Garcevic in Time on NATO-Russia Relations

Ambassador Vesko Garcevic, Professor of the Practice of International Relations at the Frederick S. Pardee School of Global Studies at Boston University, was interviewed for a recent article on NATO-Russia relations as NATO celebrates its 70th birthday. 

Garcevic was quoted in an April 4, 2019 article in Time entitled “Breaking Down the Complicated Relationship Between Russia and NATO.

From the text of the article:

After the collapse of the Soviet Union though, NATO began to redefine its purpose. Vesko Garcevic, a former Montenegro ambassador to NATO, says the new mission became to ensure the democratization of newly post-communist republics, which the alliance considered crucial to guaranteeing a stable Europe. After joining NATO, most of the countries then became E.U. members.“It was no longer not just about security. It was also political. That’s why the alliance has survived for so many years,” he says.

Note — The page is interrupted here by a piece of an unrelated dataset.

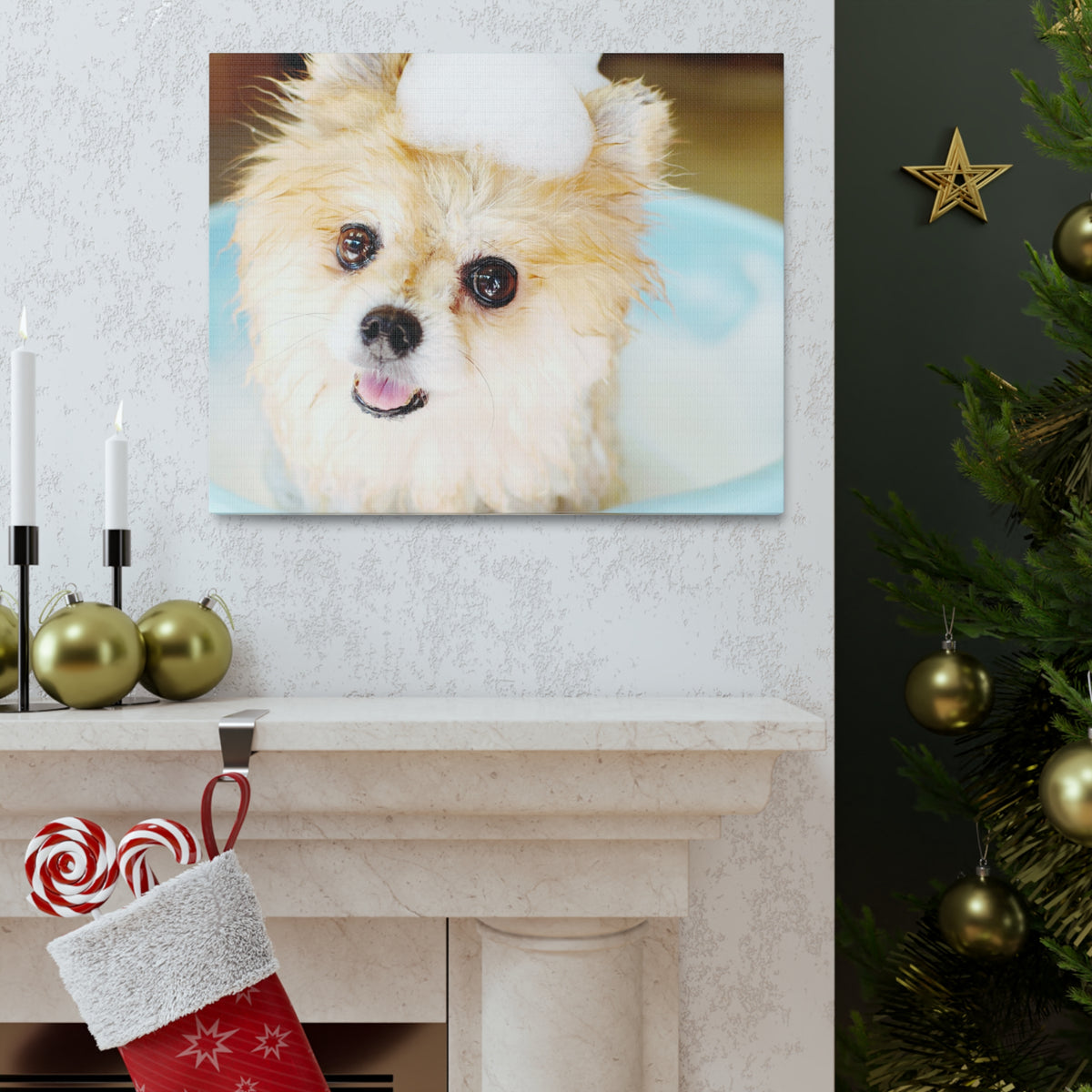 Cute Pomeranian Bathee Canvas Wall Art for Home Decor Ready-to-Hang-Express Your Love Gifts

But Russia has repeatedly made a request that NATO has rejected: to refuse to accept new members in its “backyard” (or neighboring countries), says Rasmussen. “It wasn’t for the West or Moscow to decide whether those countries should join NATO. Each and every country has the right to decide its alliance and affiliation,” says the former NATO ambassador Garcevic.

By 1999, when it became clear that NATO and Russia had irreconcilable views over the future of the post-Soviet republics, the alliance “turned into a security challenge” for the Kremlin, according to Garcevic. It was a “critical turning point,”he says, noting that Russia started to become more anti-Western. As the years went on, nostalgia for the Soviet Union became more apparent. In 2005, Putin famously said the breakup of the Soviet Union“was the greatest geopolitical catastrophe of the century.”

In theory, NATO’s door “remains open to any European country” that meets membership requirements. However, former Montenegro ambassador to NATO, Garcevic believes the reality is constrained by fear over a resurgent Russian threat. “I can’t see further NATO enlargement happening in the near future. European countries are very cautious about Russia’s reaction.”

Rasmussen and Garcevic are confident NATO will continue to exist because “its task to protect democracy and human rights is eternal.” Collective security has never been more important, they say. But the alliance’s existence has also perhaps never been more threatened by a lack of unity among political leaders. NATO’s ability to protects its members is as much about political strength — sending the right signal — as military capability.

During his diplomatic career, Amb. Vesko Garcevic dealt with issues pertinent to European security and NATO for almost 14 years. In 2004, he was posted in Vienna to serve as Ambassador to Organization for Security and Cooperation in Europe. He had been a Montenegro’s Ambassador to NATO from 2010 until 2014 and served as a Montenegro’s National Coordinator for NATO from 2015 until he joined the faculty at the Pardee School.